**Assigned task:** Please copy exactly the lines from the first in the records through the line that contains "New England Patriots", but not the pictures.
[Opening Records supplied section]
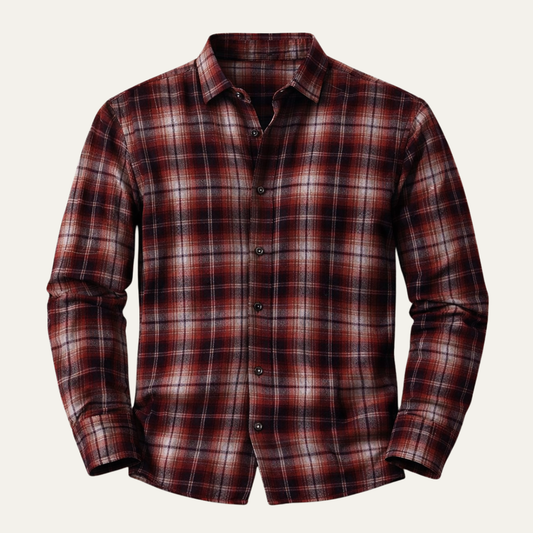 The Salerno Men’s Plaid Flannel Casual Button Down Shirt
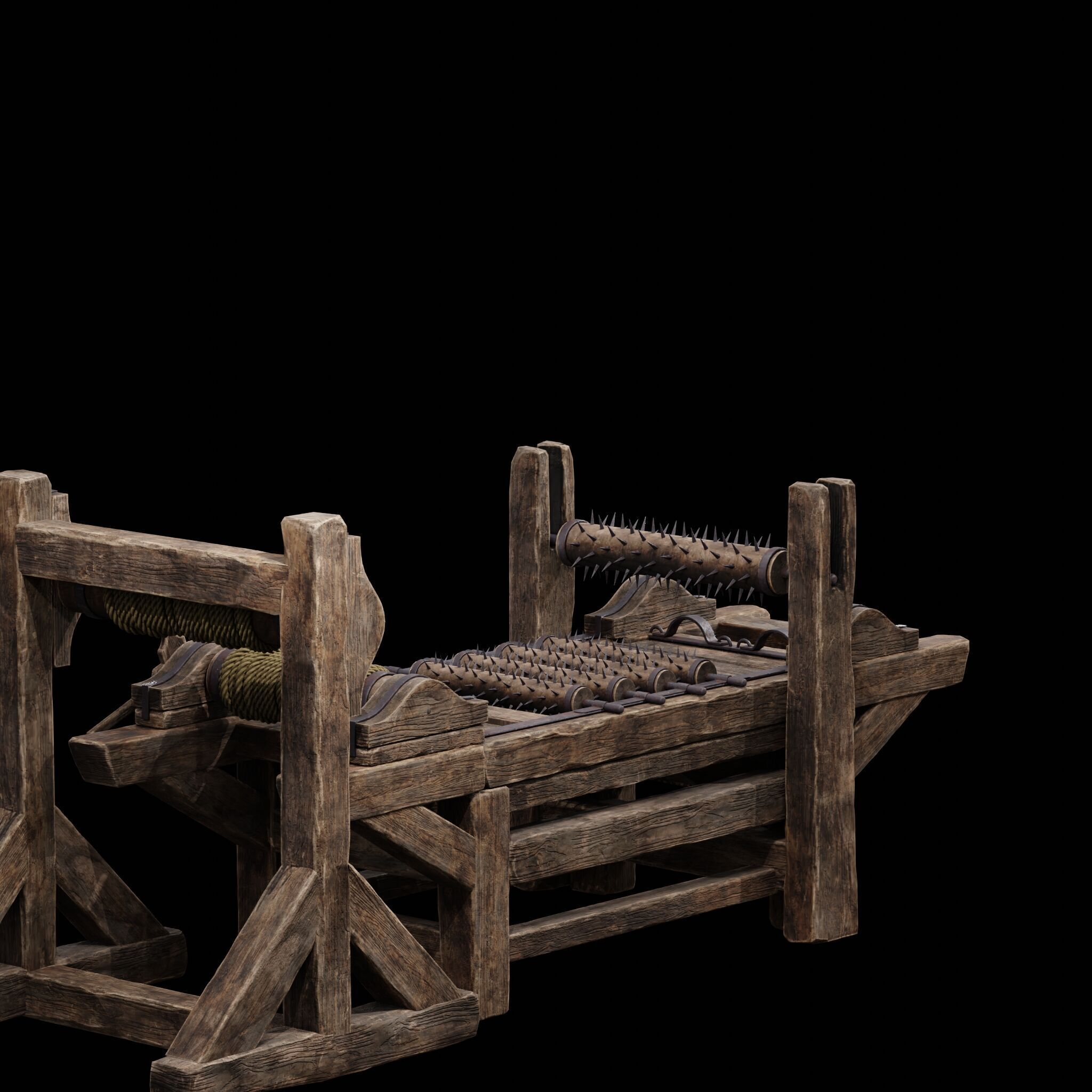 NANITE MODULAR TORTURE RACK - 5-PIECE MEDIEVAL DEVICE PACK Low-poly 3D model_14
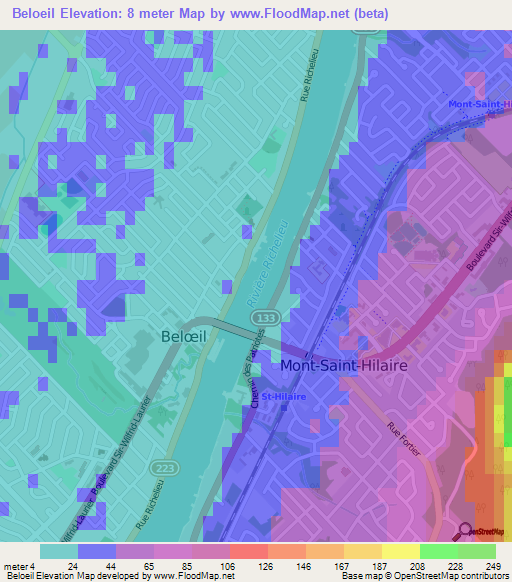 Beloeil,Canada Elevation Map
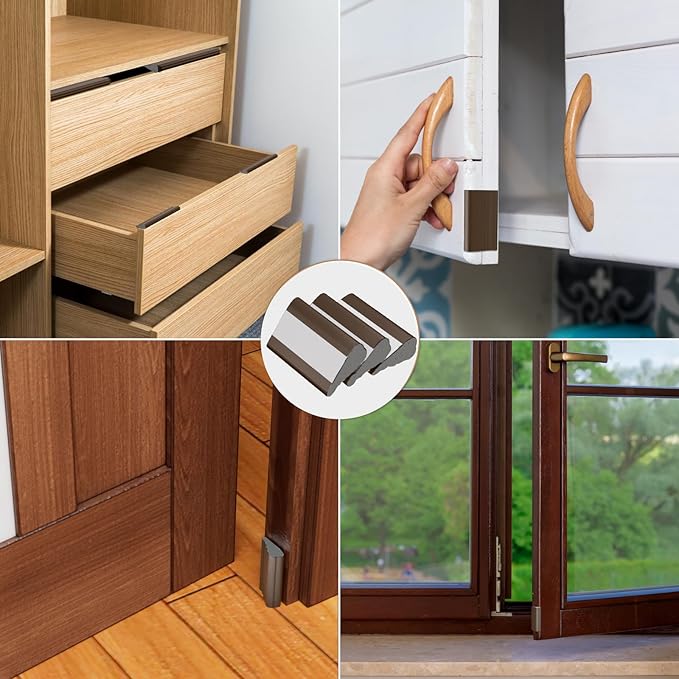 Wedge-Shape Window Weather Stripping Door Frame Seal Strip 3Pcs×196" Brown,Upgrade Black Foam,Soundproofing,Draft Stopper,Winter Insulation,Noise Blocker, Gap Filler for Exterior Front Door Side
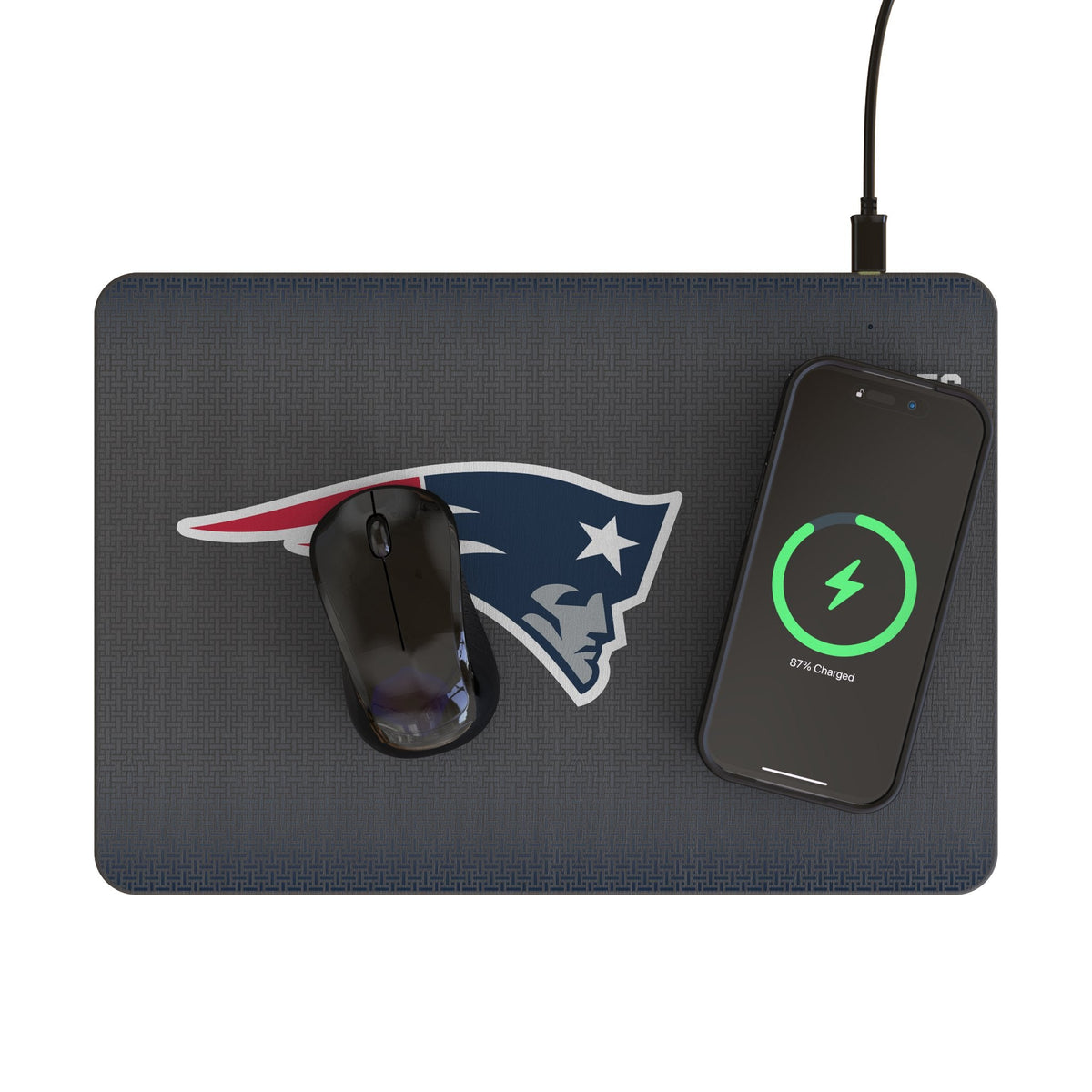 New England Patriots Linen 15-Watt Wireless Charger and Mouse Pad 2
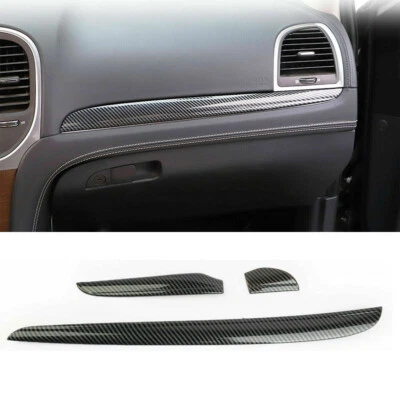 Central Control Dashboard Cover Trim Bezels for 2011+ Chrysler 300 Carbon fiber - Image 1 of 4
[Closing Records supplied section]
**Task answer:**
 The Salerno Men’s Plaid Flannel Casual Button Down Shirt
 NANITE MODULAR TORTURE RACK - 5-PIECE MEDIEVAL DEVICE PACK Low-poly 3D model_14
 Beloeil,Canada Elevation Map
 Wedge-Shape Window Weather Stripping Door Frame Seal Strip 3Pcs×196" Brown,Upgrade Black Foam,Soundproofing,Draft Stopper,Winter Insulation,Noise Blocker, Gap Filler for Exterior Front Door Side
 New England Patriots Linen 15-Watt Wireless Charger and Mouse Pad 2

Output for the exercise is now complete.